» **THE PROBLEM**: Starting with the line below that holds "Licensed Character Men's" and stopping after the line that holds "Vegan Plain Croissant", transcribe the lines exactly, leaving out all pictures.

» **EXTRACTED DATA**:
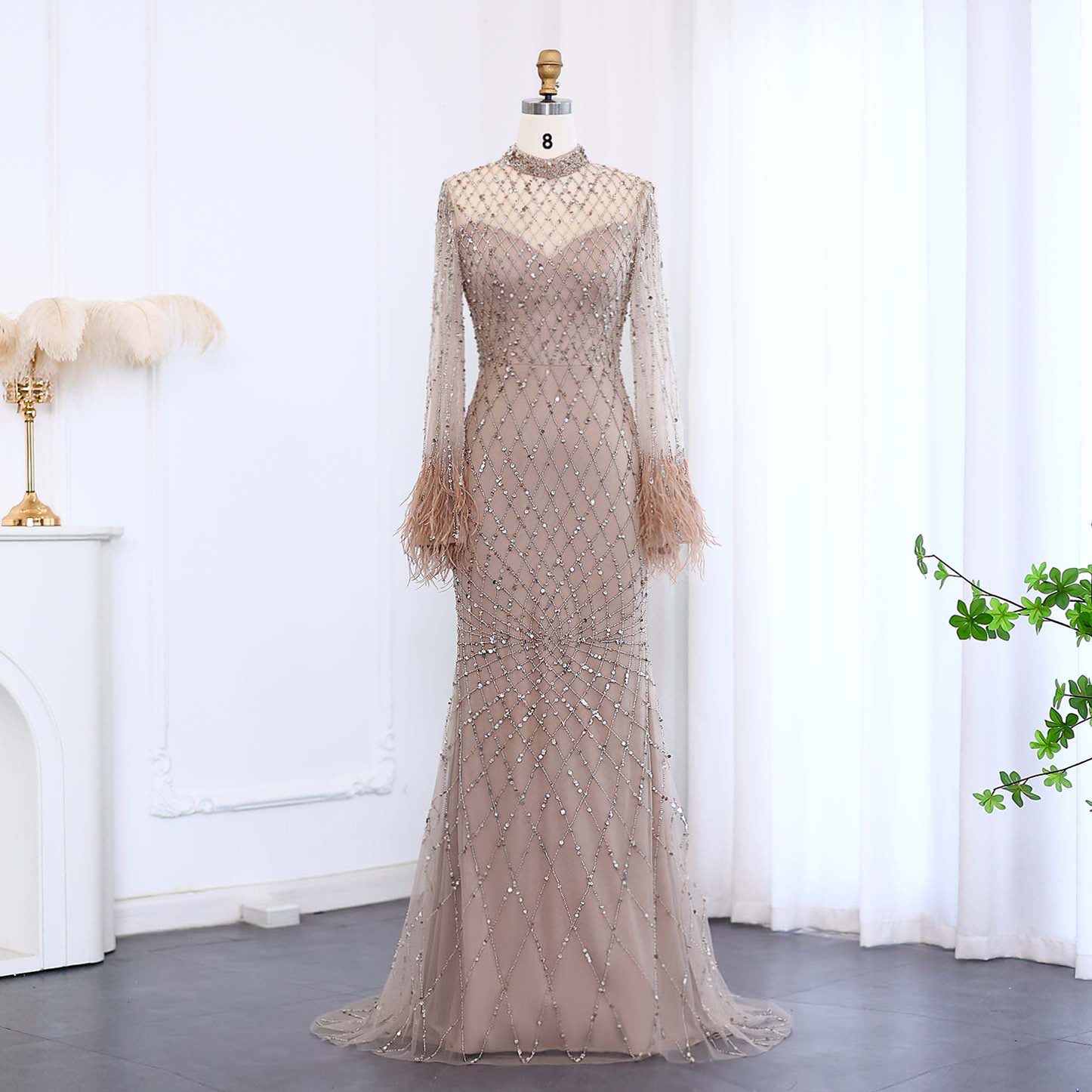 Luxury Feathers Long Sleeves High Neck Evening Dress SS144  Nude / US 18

==

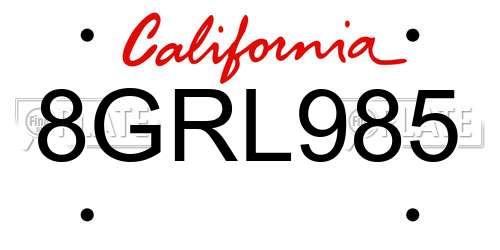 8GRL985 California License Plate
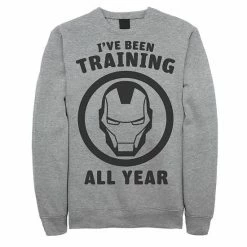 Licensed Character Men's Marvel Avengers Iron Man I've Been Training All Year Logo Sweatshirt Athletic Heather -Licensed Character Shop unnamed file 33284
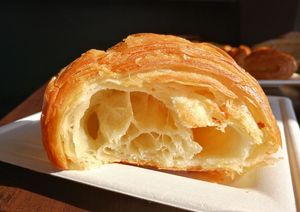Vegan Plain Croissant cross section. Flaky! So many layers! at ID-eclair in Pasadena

» **OUTPUT BELOW**:
 Licensed Character Men's Marvel Avengers Iron Man I've Been Training All Year Logo Sweatshirt Athletic Heather -Licensed Character Shop unnamed file 33284
Vegan Plain Croissant cross section. Flaky! So many layers! at ID-eclair in Pasadena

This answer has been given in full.